- [PROMPT]:
Everything from the line containing "Household Lightweight Pet" through the line containing "Liminar acp cadeia mafra" should be repeated exactly, and nothing else from the data.

- [TASK INPUT]:

%%

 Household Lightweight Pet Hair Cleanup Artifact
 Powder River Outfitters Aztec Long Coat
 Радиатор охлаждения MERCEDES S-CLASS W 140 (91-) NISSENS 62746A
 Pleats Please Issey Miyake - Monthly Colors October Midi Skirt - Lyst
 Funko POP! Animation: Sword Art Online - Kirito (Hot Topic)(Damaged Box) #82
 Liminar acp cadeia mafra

%%
%%

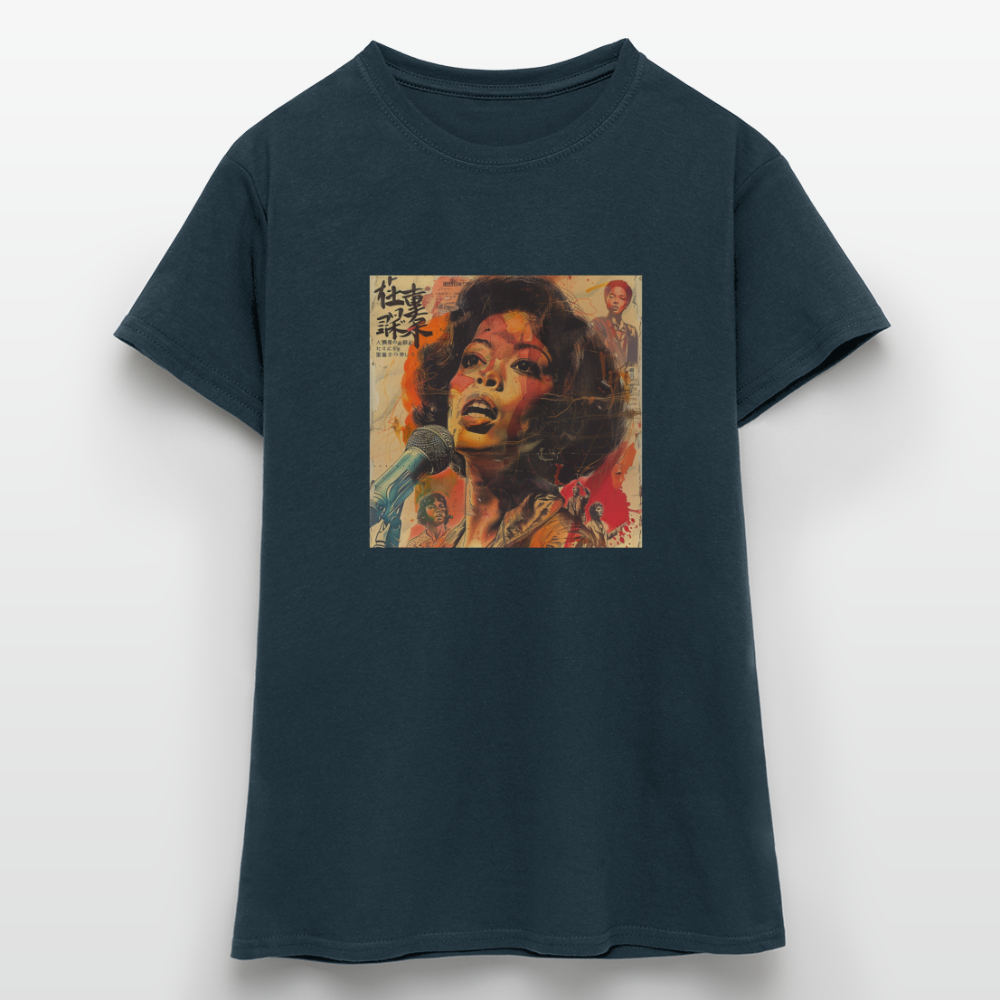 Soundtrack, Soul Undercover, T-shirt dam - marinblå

%%
%%

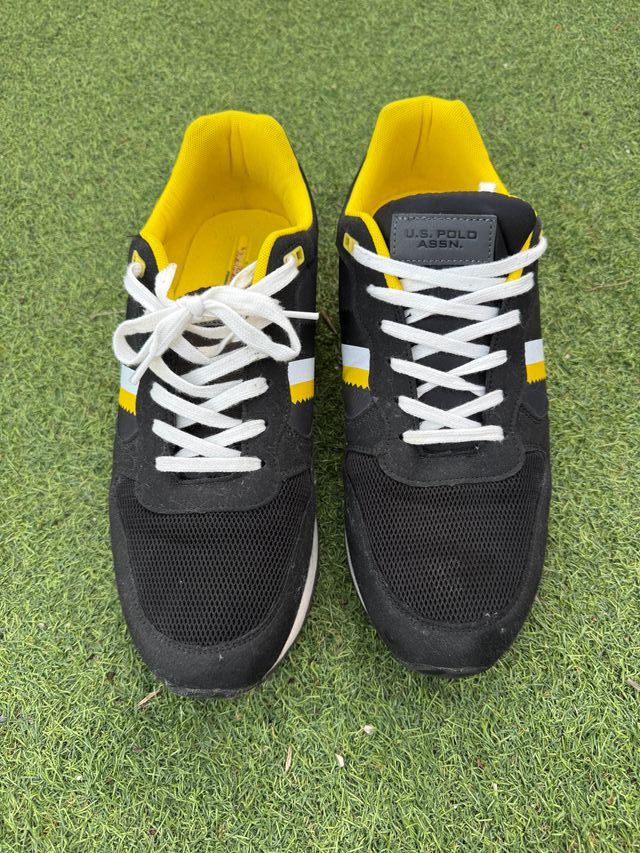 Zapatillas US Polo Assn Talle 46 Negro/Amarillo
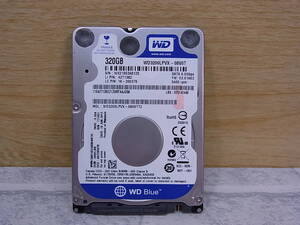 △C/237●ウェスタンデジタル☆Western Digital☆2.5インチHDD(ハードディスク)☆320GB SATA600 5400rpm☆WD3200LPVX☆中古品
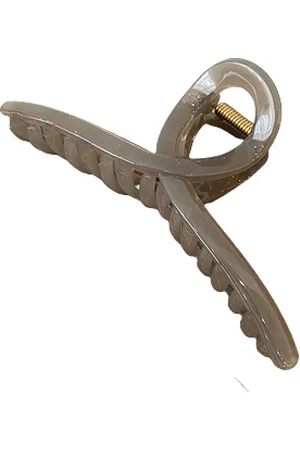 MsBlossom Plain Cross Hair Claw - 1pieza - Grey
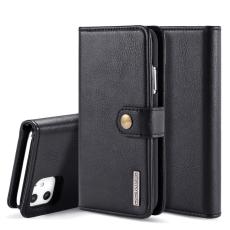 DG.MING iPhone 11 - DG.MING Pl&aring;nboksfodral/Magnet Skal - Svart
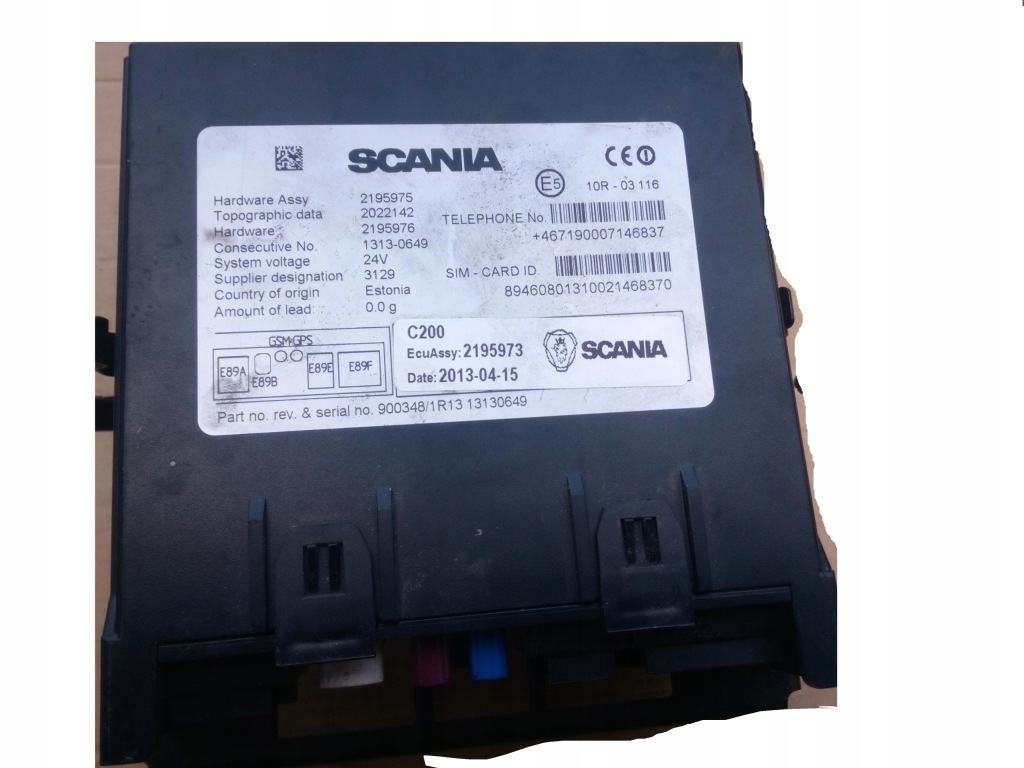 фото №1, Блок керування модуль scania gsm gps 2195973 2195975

%%

- [TASK OUTPUT]:
 Household Lightweight Pet Hair Cleanup Artifact
 Powder River Outfitters Aztec Long Coat
 Радиатор охлаждения MERCEDES S-CLASS W 140 (91-) NISSENS 62746A
 Pleats Please Issey Miyake - Monthly Colors October Midi Skirt - Lyst
 Funko POP! Animation: Sword Art Online - Kirito (Hot Topic)(Damaged Box) #82
 Liminar acp cadeia mafra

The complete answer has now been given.